ROMNEY WENT FROM CAP & TRADE ARCHITECT TO ARSONIST

Boston — As Governor of Massachusetts, Mitt Romney tried to dismantle his signature environmental accomplishment as he made plans to seek the 2008 Republican presidential nomination.  The complete turn-around in both his actions and his statements appears to be based purely on political considerations, according to Public Employees for Environmental Responsibility (PEER).

After he was elected governor, Romney hired Doug Foy, a noted New England environmentalist, to draft the Regional Greenhouse Gas Initiative (RGGI, pronounced “Reggie”), the country’s first interstate compact to reduce greenhouse gases.  Romney had several staff dedicated to RGGI and spent more than two years working on it, costing taxpayers of more than half a million dollars, according to press reports.

In late 2005, RGGI was complete and lacked only Romney’s signature.  He pulled out of the agreement at the last minute, citing concerns regarding the cost of cap-and-trade to businesses.  One week later, Romney allowed power plants to pay a fee for emitting toxins (like mercury) instead of cleaning them up.

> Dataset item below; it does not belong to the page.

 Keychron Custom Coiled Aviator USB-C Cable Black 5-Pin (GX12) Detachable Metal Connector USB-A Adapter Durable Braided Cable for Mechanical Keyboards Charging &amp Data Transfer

This announcement coincided with his decision not to seek a second gubernatorial term and to run for president.

Just days before his reversal, Romney told a clean-energy conference in Boston in November 2005:

“I’m convinced it is good business. We can effectively create incentives to help stimulate a sector of the economy and at the same time not kill jobs.”

In his 2010 book, “No Apology: The Case for American Greatness,” Romney wrote:  

“I believe that climate change is occurring – the reduction in the size of global ice caps is hard to ignore. I also believe that human activity is a contributing factor.”

At a campaign event in Pittsburgh in late 2011, however, Romney said:  

“My view is that we don’t know what’s causing climate change on this planet. And the idea of spending trillions and trillions of dollars to try to reduce CO2 emissions is not the right course for us.”

“On climate change, Romney had the chance to be a truly transformational bipartisan national leader but the dynamics inside his party led him to devolve into an ecologically reckless know-nothing,” stated New England PEER Director Kyla Bennett, a former scientist and enforcement attorney with the U.S. Environmental Protection Agency. “Nowhere does Romney explain what facts caused him to drop his once strongly-stated convictions, then become uncertain and finally regain certainty in the complete opposite direction.  It would appear that Mitt Romney never met a core environmental belief.”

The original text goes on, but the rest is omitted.